Finance and Economics Discussion Series Divisions of ...

Finance and Economics Discussion Series Divisions of Research & Statistics and Monetary Affairs

Federal Reserve Board, Washington, D.C.

Measuring Aggregate Housing Wealth: New Insights from Machine Learning

Joshua H. Gallin, Raven Molloy, Eric Nielsen, Paul Smith, and Kamila Sommer

2018-064

Please cite this paper as: Gallin, Joshua H., Raven Molloy, Eric Nielsen, Paul Smith, and Kamila Sommer (2018). "Measuring Aggregate Housing Wealth: New Insights from Machine Learning," Finance and Economics Discussion Series 2018-064. Washington: Board of Governors of the Federal Reserve System, . NOTE: Staff working papers in the Finance and Economics Discussion Series (FEDS) are preliminary materials circulated to stimulate discussion and critical comment. The analysis and conclusions set forth are those of the authors and do not indicate concurrence by other members of the research staff or the Board of Governors. References in publications to the Finance and Economics Discussion Series (other than acknowledgement) should be cleared with the author(s) to protect the tentative character of these papers.
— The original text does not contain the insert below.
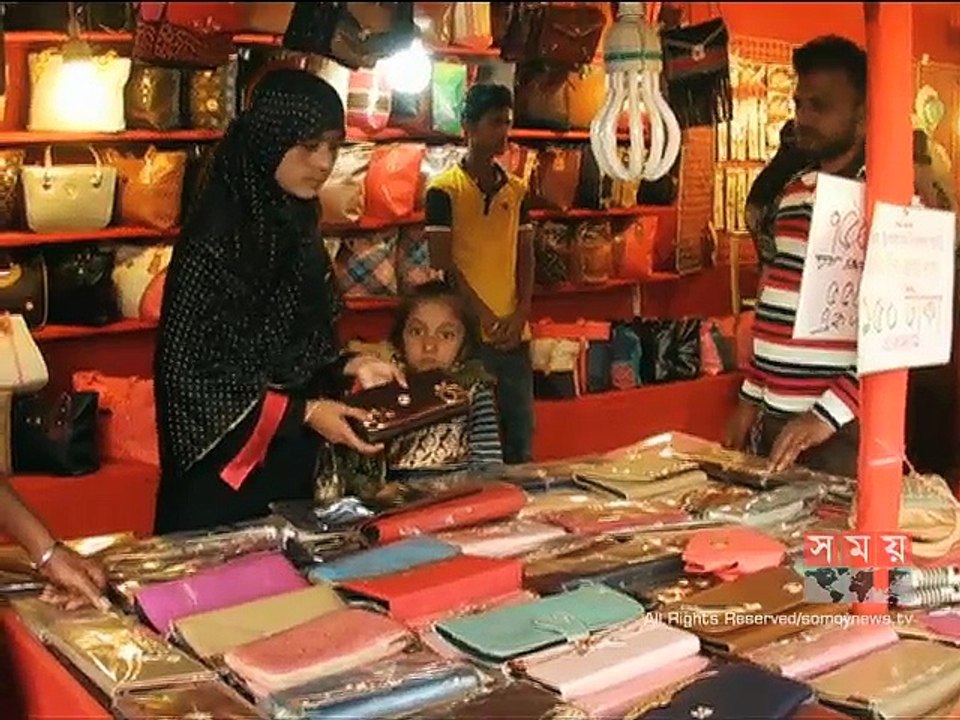 ঝিনাইদহে জমে উঠেছে শীতকালীন বাণিজ্যমেলা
Measuring Aggregate Housing Wealth: New Insights from Machine Learning

Joshua Gallin, Raven Molloy, Eric Nielsen, Paul Smith, Kamila Sommer

July 26, 2019

Abstract We construct a new measure of aggregate housing wealth for the U.S. based on (1) homevalue estimates derived from machine learning algorithms applied to detailed information on property characteristics and recent transaction prices, and (2) Census housing unit counts. According to our new measure, the timing and amplitude of the recent house-price cycle differs materially but plausibly from commonly-used measures, which are based on survey data or repeat-sales price indexes. Thus, our methodology generates estimates that should be of considerable value to researchers and policymakers interested in the dynamics of aggregate housing wealth. JEL Codes: C82, E21, R31. Keywords: Residential real estate, Consumer economics and finance, Data collection and estimation, Flow of funds.
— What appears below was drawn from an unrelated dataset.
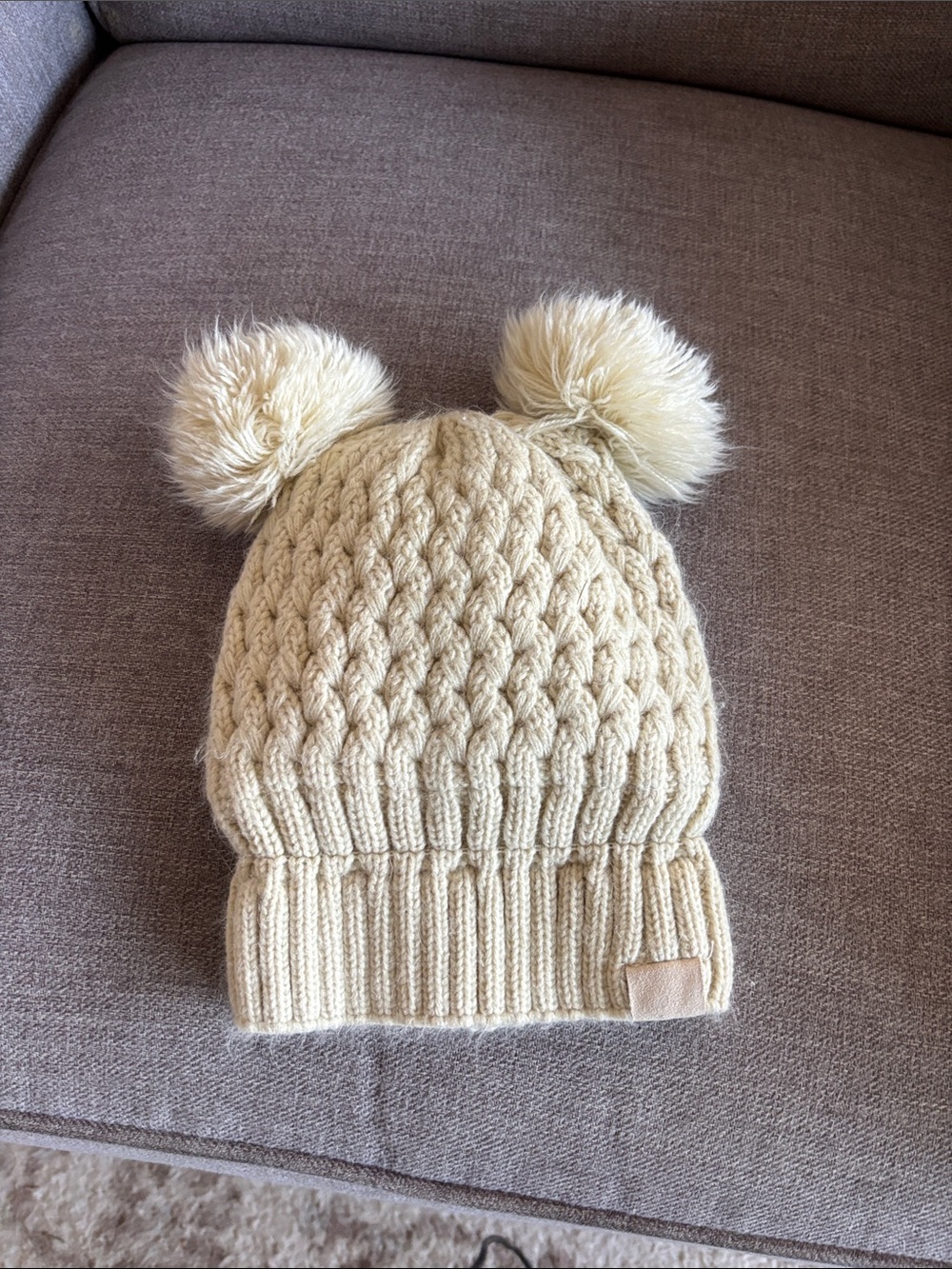 Kids Cream Cable Knit Pom Beanie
Please do not cite without the permission of the authors. Earlier versions of this paper were circulated under the title "Measuring Aggregate Housing Wealth: New Insights from Automated Valuation Models." We thank Zillow for providing the data and for very helpful discussions about its construction, and we thank Max Miller and Hannah Hall for excellent research assistance. All errors remain our own. The analysis and conclusions set forth here are those of the authors and do not indicate concurrence by other members of the research staff, the Board of Governors, or the Federal Reserve System. Our evaluation of the advantages and disadvantages of the Zillow Automated Valuation Model (AVM) are made in the context of estimating the aggregate value of own-use residential real estate. It is not an evaluation or endorsement of Zillow's AVM or website for valuing a particular home or portfolio of homes.

1

1 Introduction

Owner-occupied housing is a major component of households' balance sheets.1 As a result, changes in aggregate housing wealth can affect aggregate consumption and savings and, by extension, macroeconomic outcomes such as economic growth and business cycles. However, housing wealth is quite difficult to measure (as we will discuss below), which has made it difficult for researchers to reliably observe its dynamics. In an effort to improve the measurement of housing wealth, this paper introduces a new method to make use of local property value estimates that are derived from machine learning algorithms applied to detailed data on property sales and characteristics from public records and other sources. We combine these property value estimates with housing unit counts from the Census to derive new estimates of aggregate U.S. housing wealth from 2001 to 2018. Our estimates show considerably more responsiveness to changing market conditions than survey measures and somewhat less volatility than repeat-sales measures, highlighting some of the key biases plaguing these commonly used estimates of housing wealth. Thus, our methodology generates estimates that should be of considerable value to researchers and policymakers interested in the dynamics of housing wealth and the role that it plays in economic outcomes.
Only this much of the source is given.